In many ways, a JAA parallels existing legal agreements when work occurs in a distributed fashion (e.g., contracts, spec sheets, etc.), but we propose that these should focus on accountability and responsibility obligations rather than technical or financial ones. In particular, these seven components can be used to ensure that relevant tasks of the GOVERN function are satisfied, even though no single unit has primary responsibility for them (i.e., they would otherwise slip through the cracks):

  • GOVERN 1.1 (Legal and Regulatory Requirements): Establish JAA alongside understanding, managing, and documenting legal and regulatory requirements.

  • GOVERN 4.1 (Fostering a Safety-first Mindset): Adhere to the agreed-upon standards to mitigate negative impacts.

  • GOVERN 6.1 (Third-Party Entity Risks): Define the responsibilities and obligations of third-party entities through JAA to ensure coordination, communication, and accountability.

More generally, in the scenario being discussed, the three entities—the model development team, the testing team, and the cybersecurity team—could decide to divide the NIST AI RMF functions among themselves using JAAs, which would lead to a more comprehensive approach to AI risk governance. This arrangement would allow each entity to focus on its specific areas of expertise, fostering better coordination and a more cohesive risk management strategy, while still ensuring that the overall project is ethical. For instance, the model development entity could oversee most of the GOVERN, MAP, and MEASURE functions. The testing entity could concentrate on the MEASURE and MANAGE functions. The cybersecurity entity could handle portions of the GOVERN and MANAGE functions. This division would ensure that each function gets the right expertise and promotes effective collaboration. It also clarifies roles, fostering accountability within the NIST AI RMF framework. Yet, with this clarity in roles comes the imperative of upholding their respective responsibilities. Any breach of the terms outlined in the JAA could invoke consequences pre-determined by the involved entities, varying from restorative measures for minor infractions to termination of the partnership or even initiation of legal proceedings for major breaches. This acts as a safeguard, ensuring accountability within the NIST AI RMF framework.

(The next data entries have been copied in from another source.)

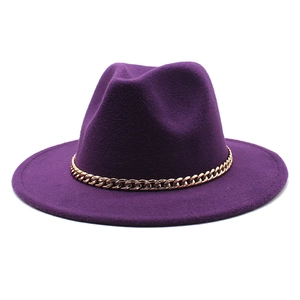 Detail of deep purple wool fedora hat featuring a decorative gold metal chain link band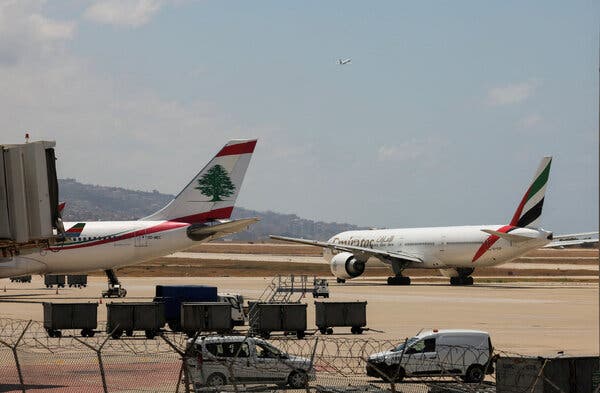 Two planes sit on the tarmac of an airport.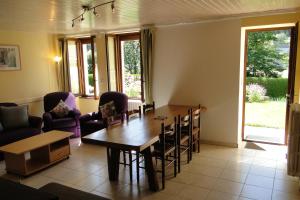 sala de estar con mesa de madera y sillas en Gîte 295 Montagnes du Jura avec Spa et Sauna classé 3 étoiles en Foncine-le-Haut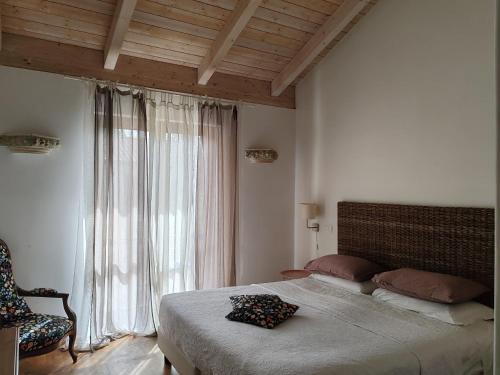波坦察森托马尼塔维纳酒店的一间卧室设有一张大床和一个窗户。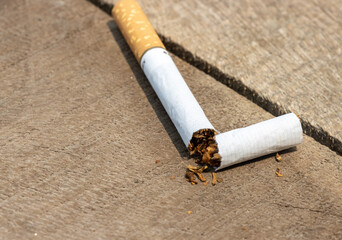 Broken cigarette close-up on a wooden table. No smoking or anti-smoking movement. A cigarette is...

At the current time, there are no legal mandates to use particular risk assessment frameworks, though such requirements may be forthcoming. Regardless of the legal requirements, however, JAAs provide a way for modular efforts to ensure that they are satisfying their local ethical obligations within an overall plan that covers all relevant ethical requirements. We thus contend that there is ethical value to JAAs, even if they are not legally required (at the moment). We also emphasize that we have deliberately not specified the exact structure of JAAs (beyond the seven components) as we believe that these will often depend on the particular entities and goals for an AI effort.

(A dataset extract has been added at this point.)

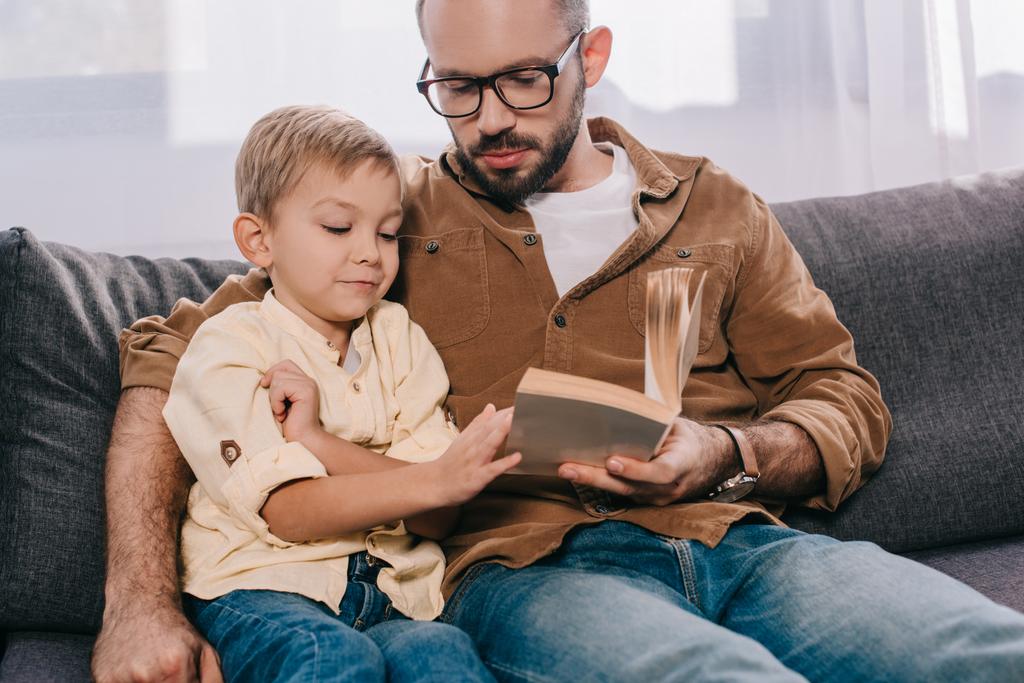otec a syn sedí na gauči a čtení knihy dohromady - Fotografie, Obrázek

4.3 Recommended Solutions for Additional Vulnerabilities

While the establishment of Joint Accountability Agreements (JAAs) could represent a significant step towards addressing accountability and responsibility challenges, there are additional concerns that arise for risk assessment frameworks applied to AI. One issue is the expertise and adherence to the framework required for the involved entities. For example, the testing and cybersecurity modules may not primarily specialize in AI, and so could possess a limited understanding of the NIST AI RMF principles and practices, resulting in suboptimal implementation. This discrepancy could lead to inconsistent application of risk management strategies and potential oversight of critical vulnerabilities. One response would look to voluntary training and certification, as they could help to ensure that all teams involved have appropriate knowledge bases. A different (not mutually exclusive) response would be to better characterize the knowledge, skills, and processes required for the different AI RMF (sub-)tasks so that the functional modules can ensure that they have the needed expertise.

Additionally, the lack of common standards or protocols for AI technologies presents a notable challenge, particularly in industries that rely on multi-vendor and multiplatform AI solutions. Without standardization, interoperability (including ethical interoperability; Danks & Trusilo, 2022) between AI systems may be compromised, resulting in inefficiencies and diminished effectiveness. Furthermore, non-standardized AI technologies can introduce security vulnerabilities and unintended consequences that can impact stakeholders and overall system performance. For instance, in the context of predictive maintenance in industrial settings, the absence of common standards may impede the seamless integration of predictive models from different vendors, thereby reducing maintenance effectiveness and increasing the risk of equipment failure. Encouraging the adoption of common standards within the NIST AI RMF can facilitate interoperability, enhance system security, and promote a harmonized approach to AI risk management across industries.

5 Conclusion

In our paper, we examine the challenges and potential issues arising from dividing an AI effort into separate entities responsible for model development, cybersecurity, and testing. We found that such a division creates challenges in coordination, communication, responsibility allocation, and the possibility of overlooking critical vulnerabilities due to fragmented oversight.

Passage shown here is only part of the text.